## ACTIVITY
Across all the records, filter for lines with the word "Party" and copy them.

## SOURCE RECORDS

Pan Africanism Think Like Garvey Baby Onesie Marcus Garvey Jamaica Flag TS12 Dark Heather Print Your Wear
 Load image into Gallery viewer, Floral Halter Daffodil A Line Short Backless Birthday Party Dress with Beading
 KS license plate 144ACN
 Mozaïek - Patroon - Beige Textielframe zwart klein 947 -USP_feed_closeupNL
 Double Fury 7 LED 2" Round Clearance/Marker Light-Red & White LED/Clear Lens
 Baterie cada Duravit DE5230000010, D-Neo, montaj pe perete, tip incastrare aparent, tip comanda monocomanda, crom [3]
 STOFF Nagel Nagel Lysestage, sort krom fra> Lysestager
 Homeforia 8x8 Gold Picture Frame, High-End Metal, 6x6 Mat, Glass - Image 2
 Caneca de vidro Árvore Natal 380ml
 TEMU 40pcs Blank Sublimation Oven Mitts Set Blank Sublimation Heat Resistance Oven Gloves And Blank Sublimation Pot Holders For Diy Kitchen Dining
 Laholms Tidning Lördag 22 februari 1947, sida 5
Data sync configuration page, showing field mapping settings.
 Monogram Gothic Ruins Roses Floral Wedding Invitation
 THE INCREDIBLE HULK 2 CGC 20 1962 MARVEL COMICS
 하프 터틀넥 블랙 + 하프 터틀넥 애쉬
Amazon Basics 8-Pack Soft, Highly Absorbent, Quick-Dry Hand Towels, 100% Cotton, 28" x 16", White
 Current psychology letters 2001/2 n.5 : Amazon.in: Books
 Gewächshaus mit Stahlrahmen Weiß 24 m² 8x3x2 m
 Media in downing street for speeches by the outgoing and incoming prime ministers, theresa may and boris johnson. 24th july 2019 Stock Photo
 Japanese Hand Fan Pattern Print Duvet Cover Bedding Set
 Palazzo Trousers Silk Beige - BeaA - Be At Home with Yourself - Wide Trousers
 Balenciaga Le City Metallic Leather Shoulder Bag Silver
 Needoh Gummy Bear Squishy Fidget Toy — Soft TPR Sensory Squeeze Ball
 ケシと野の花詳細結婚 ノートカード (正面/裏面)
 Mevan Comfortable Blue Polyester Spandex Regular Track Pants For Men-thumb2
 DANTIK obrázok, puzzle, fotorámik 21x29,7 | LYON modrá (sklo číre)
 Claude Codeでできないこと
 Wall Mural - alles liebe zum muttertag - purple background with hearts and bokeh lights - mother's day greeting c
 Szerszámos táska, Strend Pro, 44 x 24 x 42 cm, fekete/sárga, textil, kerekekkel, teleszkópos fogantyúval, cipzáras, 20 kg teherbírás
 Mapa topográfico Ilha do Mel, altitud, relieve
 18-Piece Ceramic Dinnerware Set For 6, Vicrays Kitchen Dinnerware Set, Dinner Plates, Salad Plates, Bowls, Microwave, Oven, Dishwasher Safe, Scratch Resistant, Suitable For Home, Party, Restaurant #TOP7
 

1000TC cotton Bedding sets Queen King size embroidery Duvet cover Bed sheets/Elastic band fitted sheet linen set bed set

## TASK ANSWER
 Load image into Gallery viewer, Floral Halter Daffodil A Line Short Backless Birthday Party Dress with Beading
 18-Piece Ceramic Dinnerware Set For 6, Vicrays Kitchen Dinnerware Set, Dinner Plates, Salad Plates, Bowls, Microwave, Oven, Dishwasher Safe, Scratch Resistant, Suitable For Home, Party, Restaurant #TOP7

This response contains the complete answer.